No Future for the Archaeologists of Post-Socialism: On a vanishing material culture  
Francisco Martínez (Tampere University)

Paper short abstract:

Remains of the recent past are rapidly disappearing, turning the study of postsocialism into an exercise of accelerated archaeology. By examining the things left behind in vacated apartments as well as items placed aside in Estonian basements we learn about the complex endings of the Soviet social

Paper long abstract:

This paper has a two-fold contribution:

First, it observes the domestic and architectural materiality that has been frozen during the last decades (time capsule like) as a way to comprehend the different practices of discard applied as well as the complex endings of the Soviet social

Second, it elaborates the concepts of ‘architectural taxidermy’ and ‘wasted legacies’ to explain how post-Soviet changes led to a radical reconfiguration of the socio-material conditions in Eastern Estonia, resulting at the discard of socialist material culture – not permitted to simply remain because of being part of a wider process of disqualification.

Postsocialist studies are not a happy genre (Kideckel 2008) and tend to focus on tracing the unmaking of socialist life (Humphrey 2002). The experience itself was underlined by a strange combination of euphoria and loss (Martínez 2018). Based on this, the paper reflects on the heuristic importance of haunting postsocialist traces to not only understand what Communism has done to us (as the usual accounts claim), but also what we have done to the Soviet social and what such leftovers still do to us in the present.

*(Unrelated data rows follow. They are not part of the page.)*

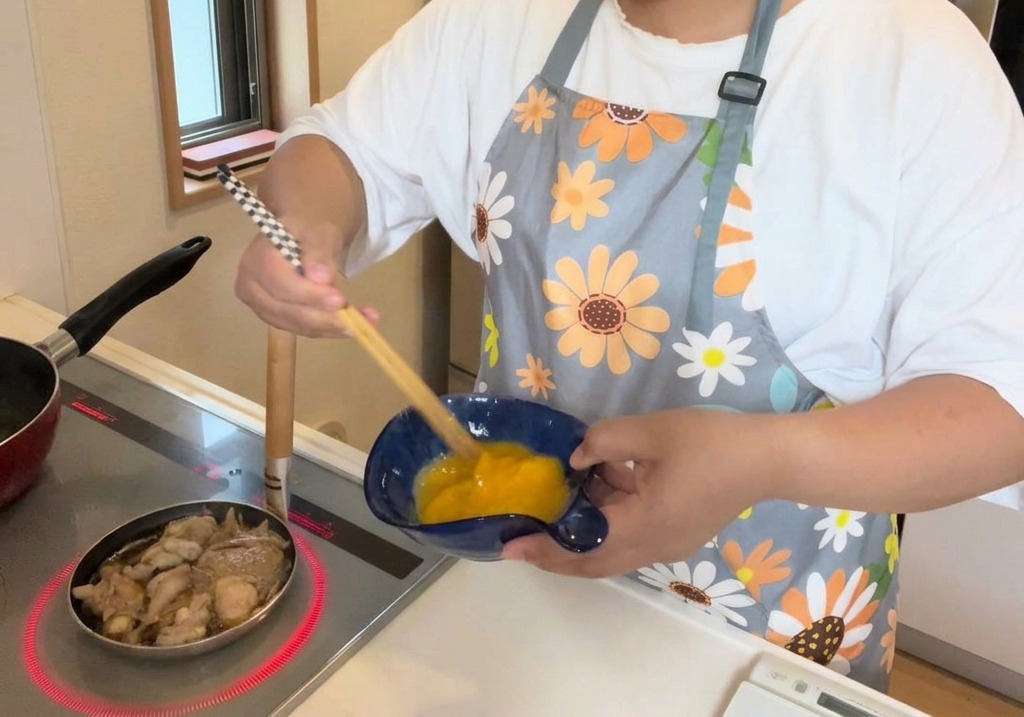 A person using wooden chopsticks to whisk two eggs in a deep blue ceramic bowl, with a pan of simmering chicken visible on the stove nearby.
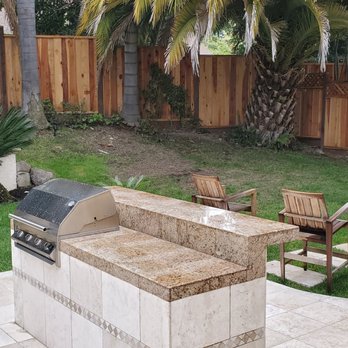 A Tamam Construction - before. half dead grass and broken pavers, ugly vines and a half retainer wall. - General Contractors Near Me - Fremont, California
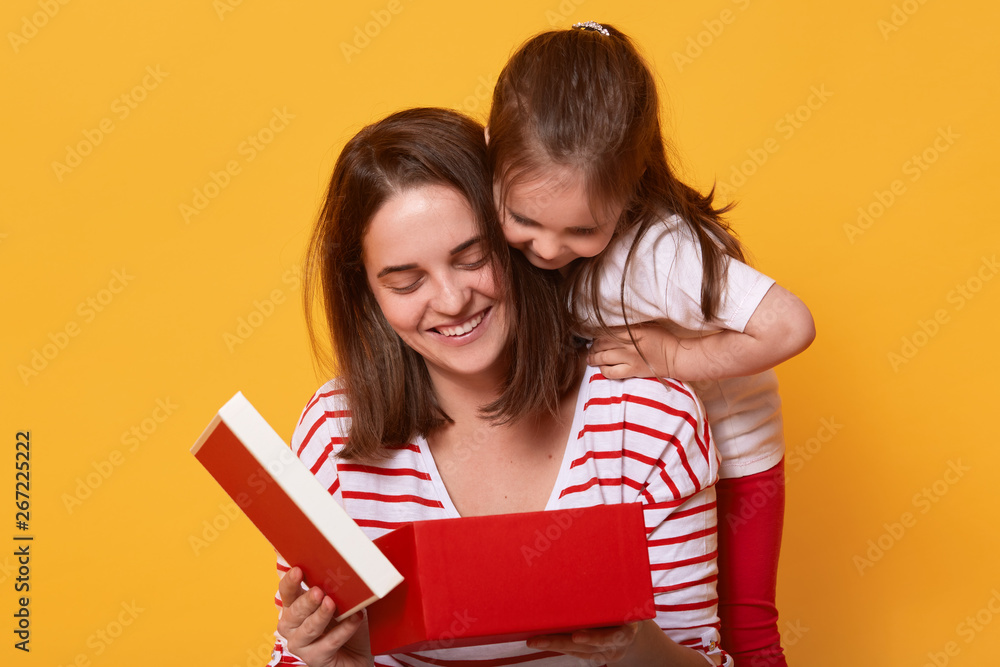 Family, child, holiday and Mother's Day concept. Smiling young woman in striped shirt sitting with her toddler daughter and opening red box, present for holiday, liitle girl in t shirt and trousers. - obrazy, fototapety, plakaty 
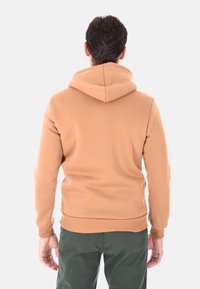 Uomo che indossa un hoodie beige e pantaloni verde scuro, in piedi rivolto di spalle contro uno sfondo bianco semplice.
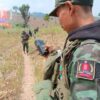 (KRUတပ်ဖွဲ့ဝင်အချို့နှင့် တိုက်ပွဲတွင်မ​ပေါက်ကွဲ​သေး​သောလက်နက်ကျည်အစိတ်အပိုင်းတစ်ခု။ ဓါတ်ပုံ-KRU)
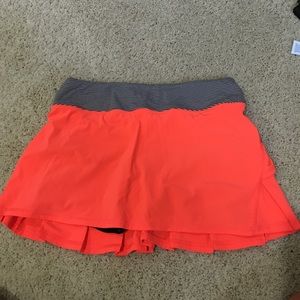 bright coral tennis skirt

The paper also reflects on the temporality and materiality of postsocialism as a field of study, discussing how the disappearance and abandonment of Soviet material culture is making difficult to understand the transition experience beyond the success story. This leads us to question whether what is actually vanishing is the possibility of learning from the past, since it is the physicality of things that allows future generations to engage with remains.